→ **Your task**
Each line from the one with "You have your" through the end of the records below should be transcribed exactly, and each picture should be skipped.

(Provided data)

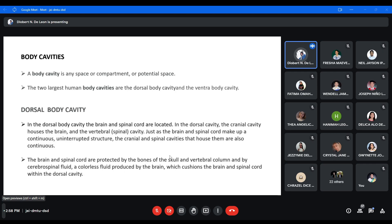Body cavity is any space or compartment — or potential space — in the body. All spaces in our body are considered body cavities. There are two largest human body cavities: the dorsal body cavity and the ventral body cavity. Dorsal refers to the back, and ventral refers to the front or anterior part of the body. The dorsal cavity includes the brain and spinal cord — the cranial cavity and the vertebral cavity. The brain and spinal cord are protected by the bones of the skull and vertebral column and by the cerebrospinal fluid, which is a colorless fluid produced by the brain that cushions the brain and spinal cord.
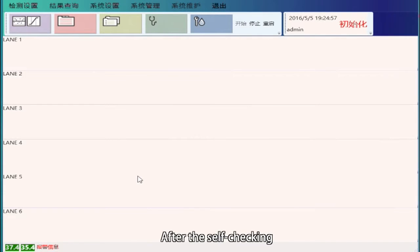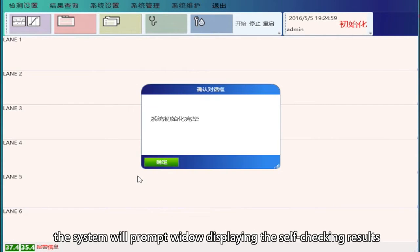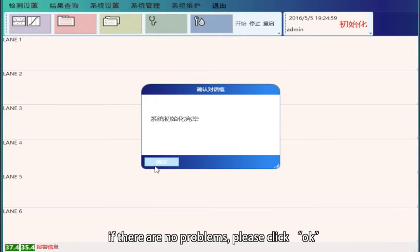After the self-checking, the system will prompt a window displaying the self-checking results. If there are no problems, please click OK.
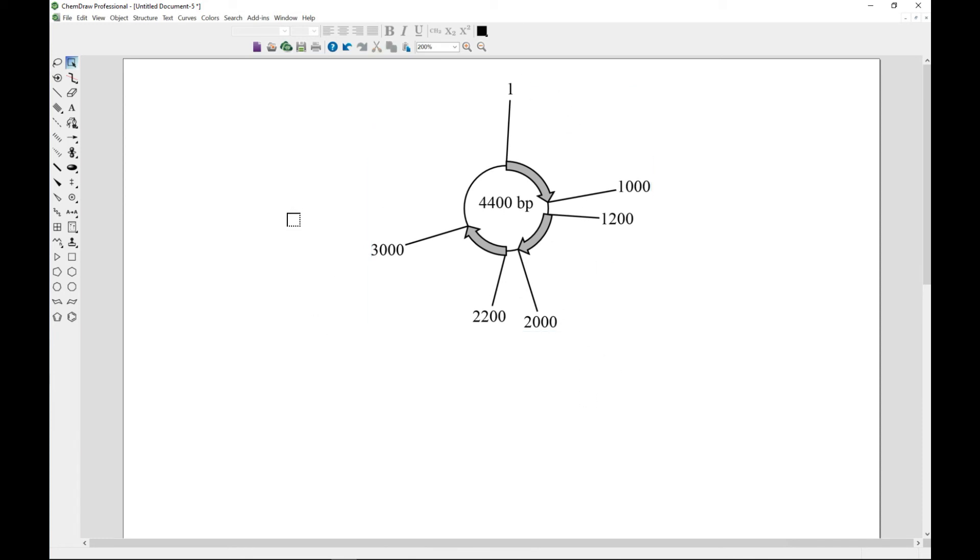You have your plasmid map over here. That is how to add regions to your plasmid map.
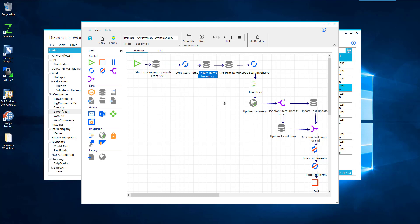The next is we're going to get those details from our staging table. Now, if you don't have a staging table, we would skip the prior step. You know, there would be that modification of how we're getting that information. But we get those item details. We loop through those item details and we update the inventory to our Shopify store.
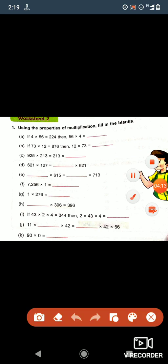In the last question: 90 into 0 is equal to what? As we all know, if we multiply 0 with any number the result will be 0. So the answer is 0. That's all for today. Thank you, have a nice day, take care.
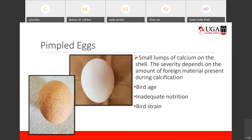We also have pimpled eggs. These are not the same as calcium deposit eggs — they have small lumps of calcium distributed over the entire shell. The severity can depend on the amount of foreign material present during calcification inside the bird at the time. It can happen in both white-shelled and brown-shelled eggs. It can be a result of bird age, or inadequate nutrition in the diet. It is also more common in some strains than others.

(End Provided data)

→ **Response to this task**
You have your plasmid map over here. That is how to add regions to your plasmid map.
The next is we're going to get those details from our staging table. Now, if you don't have a staging table, we would skip the prior step. You know, there would be that modification of how we're getting that information. But we get those item details. We loop through those item details and we update the inventory to our Shopify store.
In the last question: 90 into 0 is equal to what? As we all know, if we multiply 0 with any number the result will be 0. So the answer is 0. That's all for today. Thank you, have a nice day, take care.
We also have pimpled eggs. These are not the same as calcium deposit eggs — they have small lumps of calcium distributed over the entire shell. The severity can depend on the amount of foreign material present during calcification inside the bird at the time. It can happen in both white-shelled and brown-shelled eggs. It can be a result of bird age, or inadequate nutrition in the diet. It is also more common in some strains than others.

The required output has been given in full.